Hansen KD., Lareau LF., Blanchette M., Green RE., Meng Q., Rehwinkel J., Gallusser FL., Izaurralde E., Rio DC., Dudoit S., Brenner SE.
Alternative mRNA splicing adds a layer of regulation to the expression of thousands of genes in Drosophila melanogaster. Not all alternative splicing results in functional protein; it can also yield mRNA isoforms with premature stop codons that are degraded by the nonsense-mediated mRNA decay (NMD) pathway. This coupling of alternative splicing and NMD provides a mechanism for gene regulation that is highly conserved in mammals. NMD is also active in Drosophila, but its effect on the repertoire of alternative splice forms has been unknown, as has the mechanism by which it recognizes targets. Here, we have employed a custom splicing-sensitive microarray to globally measure the effect of alternative mRNA processing and NMD on Drosophila gene expression. We have developed a new algorithm to infer the expression change of each mRNA isoform of a gene based on the microarray measurements. This method is of general utility for interpreting splicing-sensitive microarrays and high-throughput sequence data. Using this approach, we have identified a high-confidence set of 45 genes where NMD has a differential effect on distinct alternative isoforms, including numerous RNA-binding and ribosomal proteins. Coupled alternative splicing and NMD decrease expression of these genes, which may in turn have a downstream effect on expression of other genes.

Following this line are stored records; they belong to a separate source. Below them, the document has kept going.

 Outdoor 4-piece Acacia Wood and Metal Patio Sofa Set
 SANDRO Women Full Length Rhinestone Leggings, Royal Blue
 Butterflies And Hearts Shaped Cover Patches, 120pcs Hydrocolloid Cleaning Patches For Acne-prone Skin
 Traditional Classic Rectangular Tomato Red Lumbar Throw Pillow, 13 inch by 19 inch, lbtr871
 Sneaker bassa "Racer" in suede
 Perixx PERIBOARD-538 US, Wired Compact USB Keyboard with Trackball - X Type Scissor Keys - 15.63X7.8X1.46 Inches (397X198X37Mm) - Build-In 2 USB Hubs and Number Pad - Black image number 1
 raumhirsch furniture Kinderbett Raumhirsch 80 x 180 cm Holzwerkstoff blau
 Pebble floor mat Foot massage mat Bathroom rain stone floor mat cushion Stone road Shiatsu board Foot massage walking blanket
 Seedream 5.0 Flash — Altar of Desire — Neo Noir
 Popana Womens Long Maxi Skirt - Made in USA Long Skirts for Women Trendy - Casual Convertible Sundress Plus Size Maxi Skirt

The NMD-affected genes are enriched for roles in translation and mitosis, perhaps underlying the previously observed role of NMD factors in cell cycle progression. Our results have general implications for understanding the NMD mechanism in fly. Most notably, we found that the NMD-target mRNAs had significantly longer 3' untranslated regions (UTRs) than the nontarget isoforms of the same genes, supporting a role for 3' UTR length in the recognition of NMD targets in fly.